For the calculation of “P chance”, or chance of agreement, MAXQDA employs a proposal made by Brennan and Prediger (1981), who dealt extensively with optimal uses of Cohen’s Kappa and its problems with unequal edge sum distributions. In this calculation, the random match is determined by the number of different categories that have been used by both coders. This corresponds to the number of codes in the code-specific results table.

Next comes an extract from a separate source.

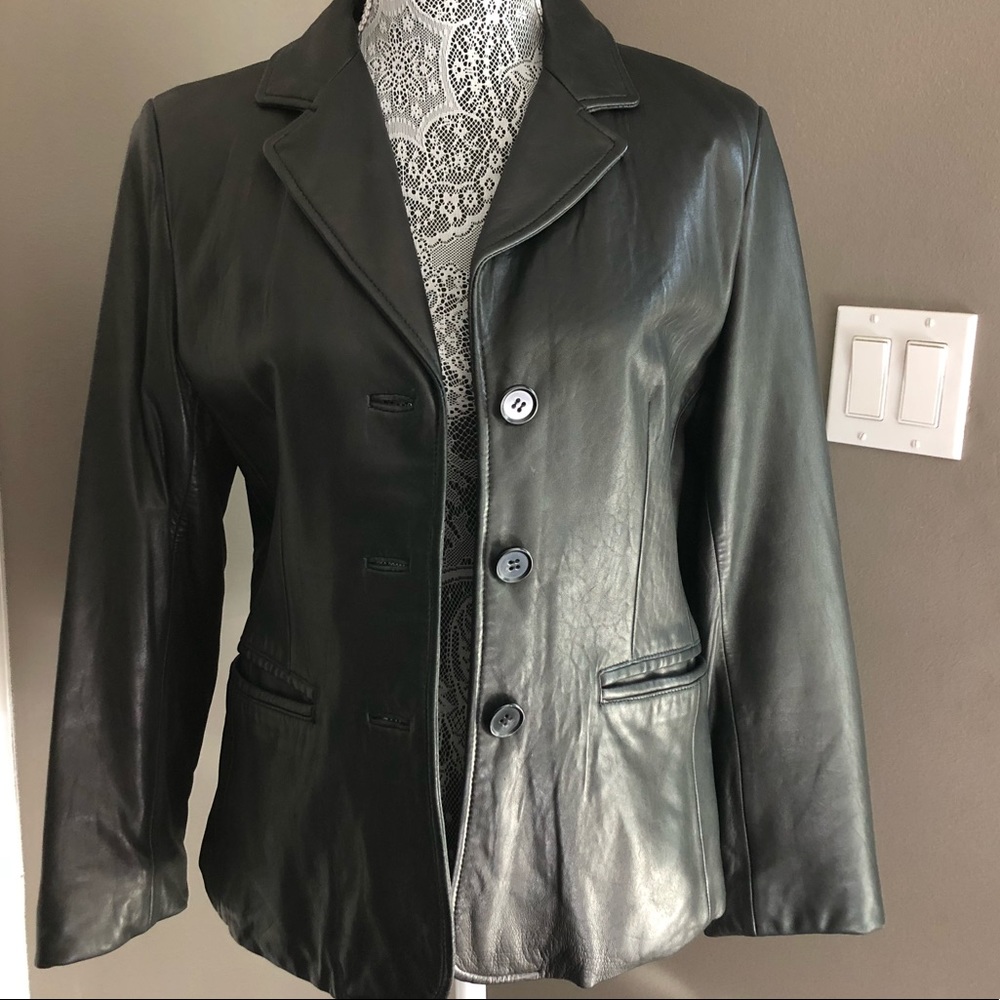 Black Leather Jacket/Blazer by Siena Studio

Prerequisites for the calculation of randomly corrected coefficients such as Kappa
For the calculation of coefficients such as Kappa, segments must normally be defined in advance, and are provided with predetermined codes. In qualitative research, however, a common approach is that not to define segments a priori, but rather to assign the task to both coders of identifying all document points that they view as relevant, and to assign one or more appropriate codes. In this case, the probability that two coders code the same section with the same code would be lower, and hence Kappa would be greater. One could also argue that the probability of randomly occurring coding matches in a text with multiple pages and multiple codes is so insignificant that Kappa corresponds to the simple percentage agreement. In any case, the calculation should be carefully considered.